• _RECORDED INFORMATION_

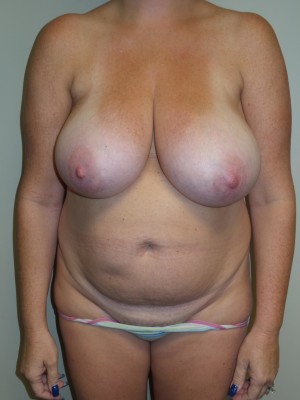 Mommy Makeover Before and After | Grover Aesthetics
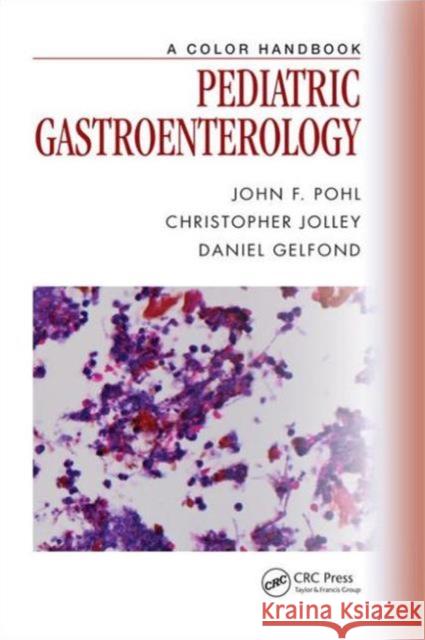 Pediatric Gastroenterology: A Color Handbook Pohl, John F. 9781840762020 Taylor & Francis - książka
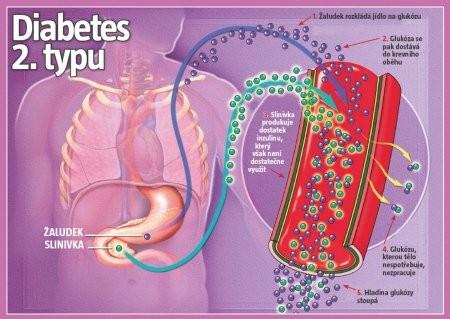 Diabetes mellitus prvního typu vzniká v důsledku destrukce (ničení) specifického typu buněk B buněk (beta-buněk), které se nachází v Langerhansových ostrůvcích pankreatu (slinivky břišní).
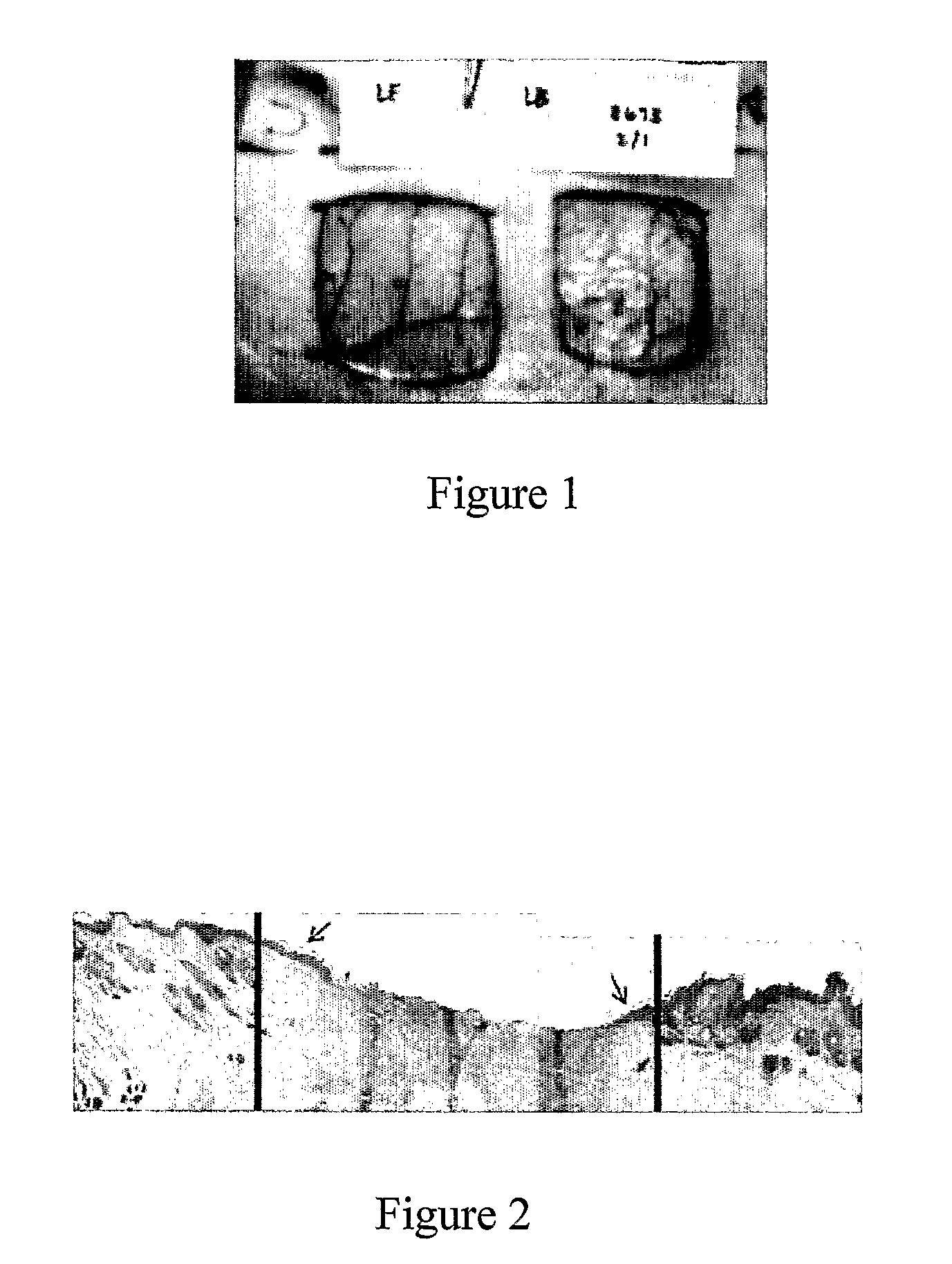 Endothelial predecessor cell seeded wound healing scaffold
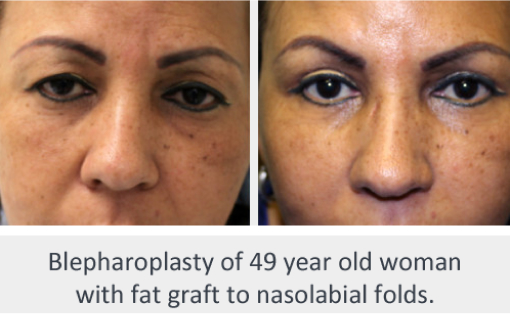 Before and After Image: Before and After Photos: Eyelid - front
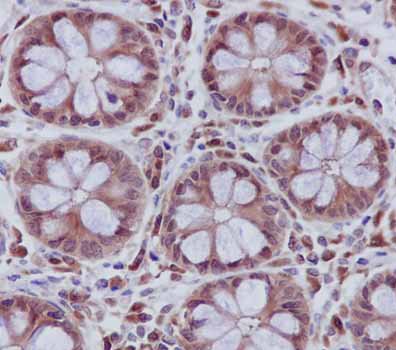 Immunohistochemistry (Formalin/PFA-fixed paraffin-embedded sections) - Anti-UFC1 antibody [EPR15014] (AB189251), expandable thumbnail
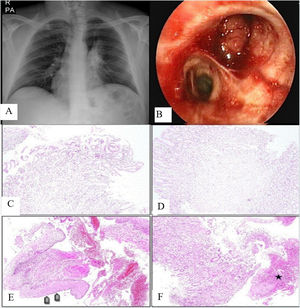 (A) Chest X-ray of the patient on admission. (B) Fibreoptic bronchoscopy revealed endobronchial lesion obstructing the upper lobe of the left lung. (C and D) Chronic inflamed pyloric type gastric mucosa in a bronchoscopic biopsy specimen (H&E, ×100). (E) Areas of focal squamous metaplasia (arrows) in a repeated biopsy sample from the same patient from the same site (H&E, ×100). (F) Samples of inflamed gastric mucosa as well as ulcer surface and floor (area marked with an asterisk) (H&E, ×100).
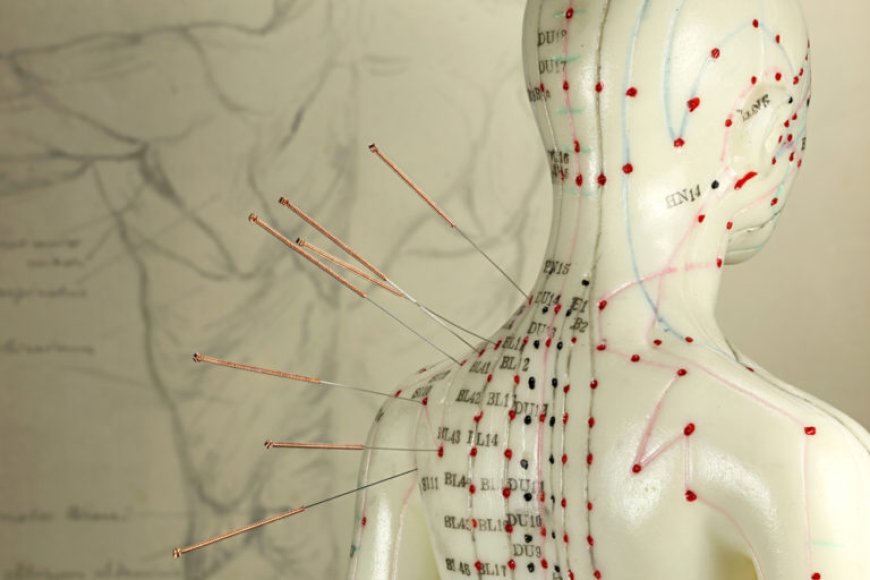 Finding The Best Traditional Chinese Acupuncture Clinic Near You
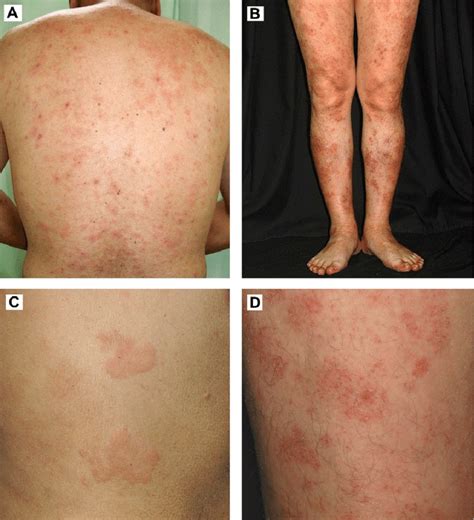 A B Generalized Wheal Like Papules And Plaques With Many Eczematous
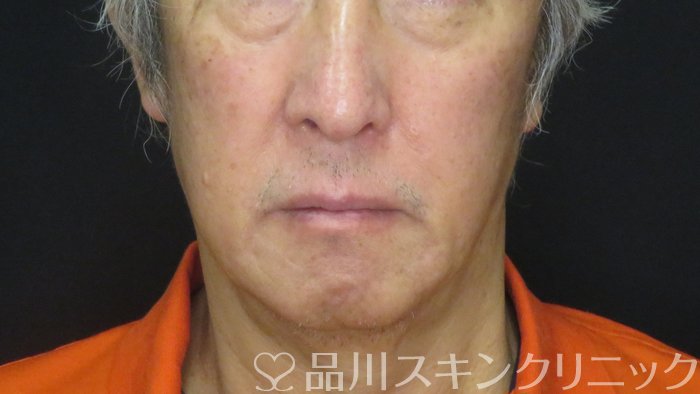 症例NO.73480のBEFORE写真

• _WHAT YOU SHOULD DO_
Output, exactly and only, the lines beginning with the one that contains "(A) Chest X-ray" and ending at the last line of the records above. Drop the pictures.

• _RESULT BELOW_
 (A) Chest X-ray of the patient on admission. (B) Fibreoptic bronchoscopy revealed endobronchial lesion obstructing the upper lobe of the left lung. (C and D) Chronic inflamed pyloric type gastric mucosa in a bronchoscopic biopsy specimen (H&E, ×100). (E) Areas of focal squamous metaplasia (arrows) in a repeated biopsy sample from the same patient from the same site (H&E, ×100). (F) Samples of inflamed gastric mucosa as well as ulcer surface and floor (area marked with an asterisk) (H&E, ×100).
 Finding The Best Traditional Chinese Acupuncture Clinic Near You
 A B Generalized Wheal Like Papules And Plaques With Many Eczematous
 症例NO.73480のBEFORE写真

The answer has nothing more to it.